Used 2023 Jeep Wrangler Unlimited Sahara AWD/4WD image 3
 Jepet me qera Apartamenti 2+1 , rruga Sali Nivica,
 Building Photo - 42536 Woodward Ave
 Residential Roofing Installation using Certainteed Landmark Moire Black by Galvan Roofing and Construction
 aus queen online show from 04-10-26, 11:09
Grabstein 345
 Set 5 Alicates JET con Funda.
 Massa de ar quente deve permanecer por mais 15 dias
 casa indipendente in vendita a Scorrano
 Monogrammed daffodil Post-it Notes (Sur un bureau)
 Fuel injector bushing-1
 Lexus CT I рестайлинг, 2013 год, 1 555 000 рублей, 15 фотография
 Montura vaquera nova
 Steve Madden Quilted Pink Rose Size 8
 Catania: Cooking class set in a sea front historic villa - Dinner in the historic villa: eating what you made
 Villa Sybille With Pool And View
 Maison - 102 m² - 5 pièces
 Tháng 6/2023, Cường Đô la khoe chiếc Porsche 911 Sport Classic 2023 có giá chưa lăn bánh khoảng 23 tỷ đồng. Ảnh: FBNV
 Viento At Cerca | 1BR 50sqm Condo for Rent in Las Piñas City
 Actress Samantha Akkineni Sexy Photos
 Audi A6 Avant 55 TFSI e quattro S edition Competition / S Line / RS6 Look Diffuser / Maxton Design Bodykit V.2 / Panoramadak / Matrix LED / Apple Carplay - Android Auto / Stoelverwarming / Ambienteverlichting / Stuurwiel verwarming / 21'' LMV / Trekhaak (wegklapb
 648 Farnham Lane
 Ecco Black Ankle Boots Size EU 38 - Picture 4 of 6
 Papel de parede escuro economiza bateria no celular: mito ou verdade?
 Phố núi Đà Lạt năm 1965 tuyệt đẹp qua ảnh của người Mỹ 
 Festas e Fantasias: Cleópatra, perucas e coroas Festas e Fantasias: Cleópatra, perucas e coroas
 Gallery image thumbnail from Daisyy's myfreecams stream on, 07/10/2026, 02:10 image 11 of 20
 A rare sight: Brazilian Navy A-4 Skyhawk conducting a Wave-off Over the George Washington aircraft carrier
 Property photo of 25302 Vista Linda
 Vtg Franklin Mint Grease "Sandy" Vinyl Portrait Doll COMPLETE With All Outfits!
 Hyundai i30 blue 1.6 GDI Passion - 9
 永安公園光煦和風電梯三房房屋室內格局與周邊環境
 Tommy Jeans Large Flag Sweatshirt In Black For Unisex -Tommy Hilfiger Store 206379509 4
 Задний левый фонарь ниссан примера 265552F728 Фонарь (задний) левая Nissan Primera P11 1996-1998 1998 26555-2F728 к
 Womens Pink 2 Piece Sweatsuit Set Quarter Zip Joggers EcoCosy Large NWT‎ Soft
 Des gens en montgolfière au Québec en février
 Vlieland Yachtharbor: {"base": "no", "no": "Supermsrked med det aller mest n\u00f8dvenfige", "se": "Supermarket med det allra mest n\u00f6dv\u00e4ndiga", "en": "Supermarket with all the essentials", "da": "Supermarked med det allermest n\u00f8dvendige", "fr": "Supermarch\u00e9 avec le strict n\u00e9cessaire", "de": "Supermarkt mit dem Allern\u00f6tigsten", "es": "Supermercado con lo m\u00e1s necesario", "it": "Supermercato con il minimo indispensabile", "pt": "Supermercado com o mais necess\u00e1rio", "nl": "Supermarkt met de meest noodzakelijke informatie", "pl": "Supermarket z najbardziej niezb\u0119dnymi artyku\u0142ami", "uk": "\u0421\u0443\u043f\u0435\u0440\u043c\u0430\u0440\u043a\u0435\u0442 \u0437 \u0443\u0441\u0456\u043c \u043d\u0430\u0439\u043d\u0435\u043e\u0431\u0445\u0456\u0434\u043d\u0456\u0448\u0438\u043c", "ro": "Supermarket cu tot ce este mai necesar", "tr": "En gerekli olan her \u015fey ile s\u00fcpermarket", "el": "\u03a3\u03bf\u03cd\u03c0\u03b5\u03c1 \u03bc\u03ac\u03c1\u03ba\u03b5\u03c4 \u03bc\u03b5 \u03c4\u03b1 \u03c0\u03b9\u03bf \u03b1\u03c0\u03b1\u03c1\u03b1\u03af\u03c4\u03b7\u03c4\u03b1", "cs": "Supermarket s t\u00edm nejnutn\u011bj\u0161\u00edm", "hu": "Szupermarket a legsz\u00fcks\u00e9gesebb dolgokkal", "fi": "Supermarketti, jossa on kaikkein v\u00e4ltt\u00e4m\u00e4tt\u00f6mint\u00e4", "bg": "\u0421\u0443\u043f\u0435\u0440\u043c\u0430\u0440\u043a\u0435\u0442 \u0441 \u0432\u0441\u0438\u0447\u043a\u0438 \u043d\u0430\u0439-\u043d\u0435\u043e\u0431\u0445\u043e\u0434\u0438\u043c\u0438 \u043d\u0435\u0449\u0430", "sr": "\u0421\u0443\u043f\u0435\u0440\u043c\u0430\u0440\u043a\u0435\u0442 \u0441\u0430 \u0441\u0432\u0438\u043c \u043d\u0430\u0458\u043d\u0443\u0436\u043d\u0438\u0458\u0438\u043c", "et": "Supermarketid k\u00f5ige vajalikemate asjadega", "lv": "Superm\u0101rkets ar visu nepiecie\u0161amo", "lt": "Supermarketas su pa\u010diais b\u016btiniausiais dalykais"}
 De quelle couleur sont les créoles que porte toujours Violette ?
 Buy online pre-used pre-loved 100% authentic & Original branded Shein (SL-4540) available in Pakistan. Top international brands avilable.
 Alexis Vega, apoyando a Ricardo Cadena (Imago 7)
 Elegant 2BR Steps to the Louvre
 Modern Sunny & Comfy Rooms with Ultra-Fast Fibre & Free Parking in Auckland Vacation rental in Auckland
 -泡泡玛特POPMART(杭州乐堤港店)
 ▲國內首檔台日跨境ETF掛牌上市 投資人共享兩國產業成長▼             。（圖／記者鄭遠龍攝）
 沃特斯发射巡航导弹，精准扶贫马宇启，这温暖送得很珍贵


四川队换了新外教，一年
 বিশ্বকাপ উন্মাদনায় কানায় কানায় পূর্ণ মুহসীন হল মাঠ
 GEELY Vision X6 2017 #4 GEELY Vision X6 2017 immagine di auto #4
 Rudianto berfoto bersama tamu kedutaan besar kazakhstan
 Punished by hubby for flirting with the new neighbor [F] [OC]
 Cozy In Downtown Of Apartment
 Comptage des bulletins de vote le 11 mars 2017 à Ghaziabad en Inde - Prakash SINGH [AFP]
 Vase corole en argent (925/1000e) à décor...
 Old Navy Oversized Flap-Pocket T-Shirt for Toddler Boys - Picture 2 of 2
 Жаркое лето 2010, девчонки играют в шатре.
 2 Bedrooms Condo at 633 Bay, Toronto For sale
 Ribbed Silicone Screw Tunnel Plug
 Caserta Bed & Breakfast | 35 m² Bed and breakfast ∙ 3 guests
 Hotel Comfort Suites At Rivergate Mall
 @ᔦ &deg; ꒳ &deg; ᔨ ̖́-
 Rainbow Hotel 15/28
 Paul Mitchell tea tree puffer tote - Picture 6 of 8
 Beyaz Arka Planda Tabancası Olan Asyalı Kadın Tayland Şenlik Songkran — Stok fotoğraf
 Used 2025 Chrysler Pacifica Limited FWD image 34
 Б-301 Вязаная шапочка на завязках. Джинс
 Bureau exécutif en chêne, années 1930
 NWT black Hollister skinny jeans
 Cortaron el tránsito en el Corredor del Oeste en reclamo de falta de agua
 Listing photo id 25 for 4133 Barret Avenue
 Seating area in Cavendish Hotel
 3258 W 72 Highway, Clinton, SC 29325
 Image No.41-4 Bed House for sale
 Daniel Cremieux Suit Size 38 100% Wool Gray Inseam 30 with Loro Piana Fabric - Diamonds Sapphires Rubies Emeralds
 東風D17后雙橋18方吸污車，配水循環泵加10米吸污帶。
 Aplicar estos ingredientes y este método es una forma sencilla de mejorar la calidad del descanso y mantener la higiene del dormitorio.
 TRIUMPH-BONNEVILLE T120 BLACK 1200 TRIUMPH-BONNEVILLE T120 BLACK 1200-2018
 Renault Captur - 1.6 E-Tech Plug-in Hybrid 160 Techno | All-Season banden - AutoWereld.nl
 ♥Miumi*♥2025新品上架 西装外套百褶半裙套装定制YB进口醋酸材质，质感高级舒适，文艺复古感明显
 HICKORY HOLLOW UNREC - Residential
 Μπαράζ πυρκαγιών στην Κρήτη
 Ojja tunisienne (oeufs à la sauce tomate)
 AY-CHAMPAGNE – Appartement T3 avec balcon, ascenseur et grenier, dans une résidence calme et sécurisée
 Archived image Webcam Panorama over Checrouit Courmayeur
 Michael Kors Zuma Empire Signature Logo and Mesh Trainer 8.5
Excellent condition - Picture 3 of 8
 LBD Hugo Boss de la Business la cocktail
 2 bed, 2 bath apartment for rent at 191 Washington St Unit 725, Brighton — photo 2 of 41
# # #
*WHAT THE TASK REQUIRES*
All lines from the opening of the records through the line where "Gallery image thumbnail" occurs are to be output verbatim. No other line belongs in the answer.

*ANSWER TO THIS TASK*
Used 2023 Jeep Wrangler Unlimited Sahara AWD/4WD image 3
 Jepet me qera Apartamenti 2+1 , rruga Sali Nivica,
 Building Photo - 42536 Woodward Ave
 Residential Roofing Installation using Certainteed Landmark Moire Black by Galvan Roofing and Construction
 aus queen online show from 04-10-26, 11:09
Grabstein 345
 Set 5 Alicates JET con Funda.
 Massa de ar quente deve permanecer por mais 15 dias
 casa indipendente in vendita a Scorrano
 Monogrammed daffodil Post-it Notes (Sur un bureau)
 Fuel injector bushing-1
 Lexus CT I рестайлинг, 2013 год, 1 555 000 рублей, 15 фотография
 Montura vaquera nova
 Steve Madden Quilted Pink Rose Size 8
 Catania: Cooking class set in a sea front historic villa - Dinner in the historic villa: eating what you made
 Villa Sybille With Pool And View
 Maison - 102 m² - 5 pièces
 Tháng 6/2023, Cường Đô la khoe chiếc Porsche 911 Sport Classic 2023 có giá chưa lăn bánh khoảng 23 tỷ đồng. Ảnh: FBNV
 Viento At Cerca | 1BR 50sqm Condo for Rent in Las Piñas City
 Actress Samantha Akkineni Sexy Photos
 Audi A6 Avant 55 TFSI e quattro S edition Competition / S Line / RS6 Look Diffuser / Maxton Design Bodykit V.2 / Panoramadak / Matrix LED / Apple Carplay - Android Auto / Stoelverwarming / Ambienteverlichting / Stuurwiel verwarming / 21'' LMV / Trekhaak (wegklapb
 648 Farnham Lane
 Ecco Black Ankle Boots Size EU 38 - Picture 4 of 6
 Papel de parede escuro economiza bateria no celular: mito ou verdade?
 Phố núi Đà Lạt năm 1965 tuyệt đẹp qua ảnh của người Mỹ 
 Festas e Fantasias: Cleópatra, perucas e coroas Festas e Fantasias: Cleópatra, perucas e coroas
 Gallery image thumbnail from Daisyy's myfreecams stream on, 07/10/2026, 02:10 image 11 of 20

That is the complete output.